4 For unbiased evaluation the factor \(M-1\) is to be used.

Normal Equations The linear model in normalized space is

\begin{equation} \hat t_i = r_{xy}\,z_i. \end{equation}

where

\begin{equation} r_{xy}=\frac {s_{xy}}{s_x\,s_y} \end{equation}

is the correlation coefficient.

  • Proof. Applying (2.22) to

    \begin{equation} \hat {t}_i = w_0^* + w_1^*z_i \end{equation}

    yields

    \begin{align} w_0^* &=0,\label {eq-w_0-normalized}\\ w_1^* &= \frac {s_{zt}}{s_z^2} =\frac {1}{M}\sum _{i=1}^{M} z_i t_i =\frac {1}{M}\sum _{i=1}^{M} z_i t_i =\frac {1}{M}\sum _{i=1}^M \left (\frac {x_i-\bar x}{s_x}\right )\left (\frac {y_i-\bar y}{s_y}\right ) =r_{xy} \label {eq-w_1-normalized} \end{align}

Regression error as a function of \(r_{xy}\)

With the optimal normalized model \(\hat t = r_{xy} z\) the residuals are

\begin{equation} e_i = t_i - \hat {t}_i = t_i - r_{xy} z_i \end{equation}

with

\begin{equation} \MSE = 1 - r_{xy}^{2} = s_e^2. \end{equation}

  • Proof.

    \begin{equation} \begin{aligned} s_e^2 &= \frac {1}{M}\sum _{i=1}^M e_i^2 = \frac {1}{M}\sum _{i=1}^M \left (t_i - r_{xy} z_i\right )^2\\ &= \frac {1}{M}\sum _{i=1}^M t_i^2 -2r_{xy}\frac {1}{M}\sum _{i=1}^M t_iz_i + r_{xy}^2\frac {1}{M}\sum _{i=1}^Mz_i^2\\ &=s_t^2 -2r_{xy}\left (r_{xy}\right ) + r_{xy}^2s_z^2\\ &=1 - r_{xy}^2 \end {aligned} \end{equation}

Geometrical interpretation of \(r_{xy}\)

(image)

Figure 2.2: Geometric interpretation of \(r_{xy}\) in a normalized LR.
  • Units of x- and y-axes are standard deviation from the origin since \(t_i\) and \(z_i\) are centered and standardized.
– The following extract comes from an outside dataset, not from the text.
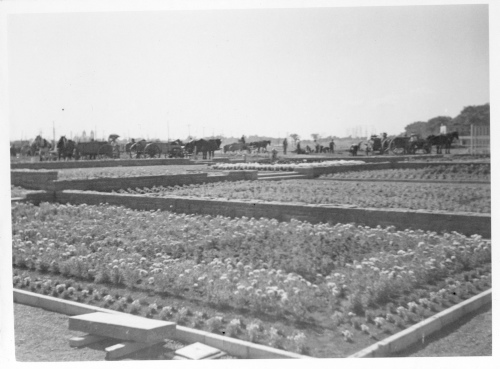 Jardin botanique de Montral (Archives) - H-1937-0024-c - Jardin botanique de Montréal - Jardin floral - Juillet 1937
  • In the normalized space, \(r_{xy}\) is the regression slope. A one-standard-deviation increase in \(x\) (\(z\) changes by 1) changes \(y\) by \(r_{xy}\) standard deviations on average (\(\hat {t}\) changes by \(r_{xy}\)).
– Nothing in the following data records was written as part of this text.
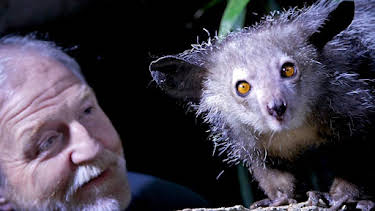 3:30 PM: Monkey Planet | BBC Two | 3/31 2026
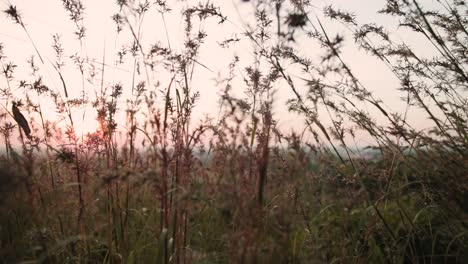 Moviéndose-A-Través-De-La-Plantación-Al-Atardecer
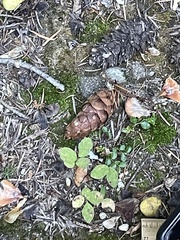 Truncocolumella citrina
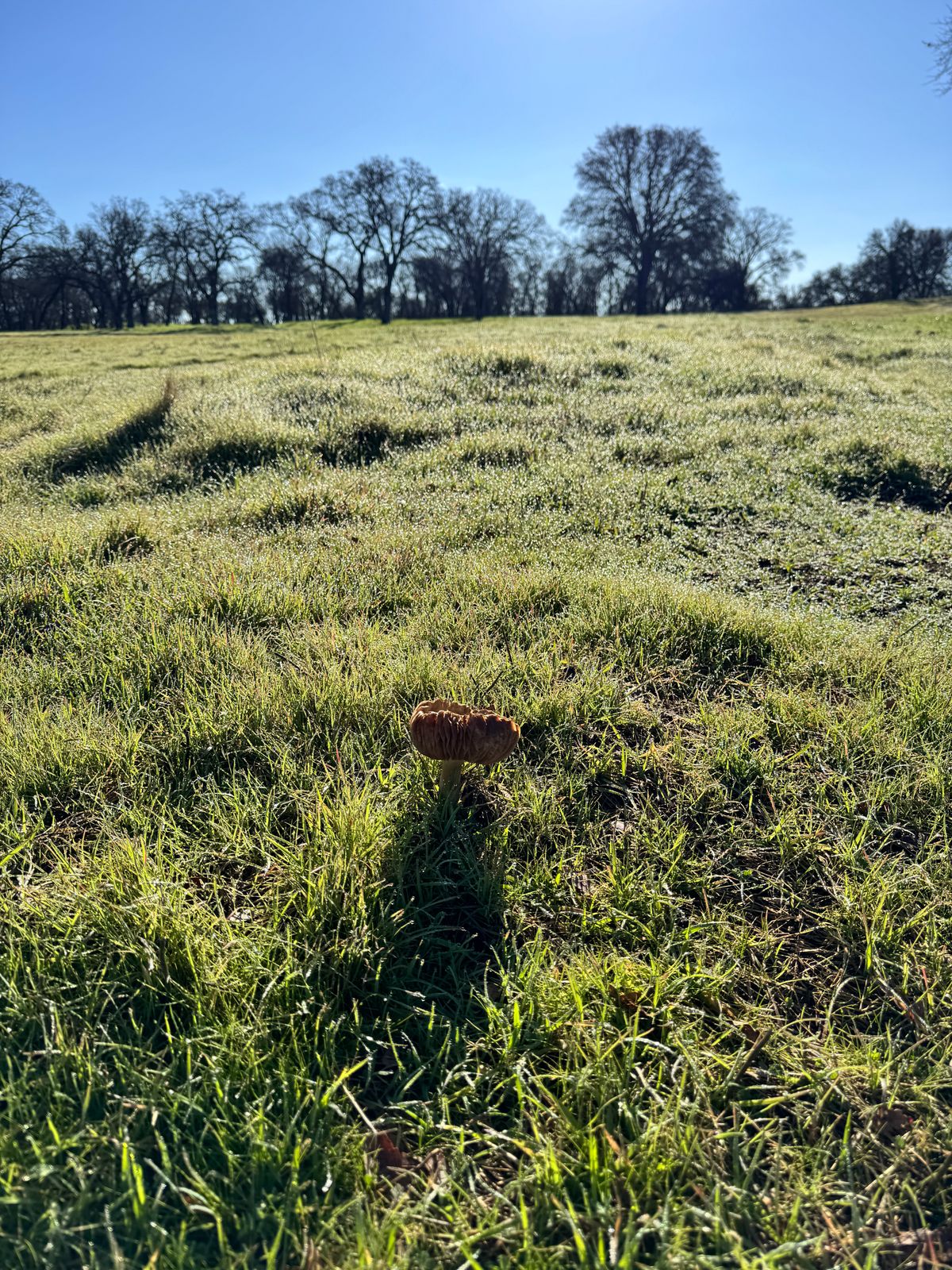 Hole 6 by creek.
  • Let’s define two vectors, \(\bz \) and \(\bt \), both in \(\mathbb R^{M}\). The angle between them is \(\theta \) and \(r_{xy}=\cos \theta \) (Fig. 2.2).

    • Proof. The corresponding dot product is

      \begin{equation} \bz \cdot \bt = \norm {\bz }\norm {\bt }\cos (\theta ) \end{equation}

      Using (2.37),

      \begin{equation} \bz \cdot \bt = \sum _{i=1}^M z_it_i = M r_{xy}. \end{equation}

      Since \(\norm {\bz } = \sqrt {\sum z_i^2} = \sqrt {M s_z^2} = \sqrt {M}\), we have

      \begin{equation} \norm {\bz }\norm {\bt } = \sqrt {M}\cdot \sqrt {M} = M \end{equation}

Consequences:

  • Range: \(-1 \le r_{xy} \le +1\).

  • Special cases:

    • \(r_{xy}=+1\) indicates perfect positive linear association, \(\theta = 0^\circ \).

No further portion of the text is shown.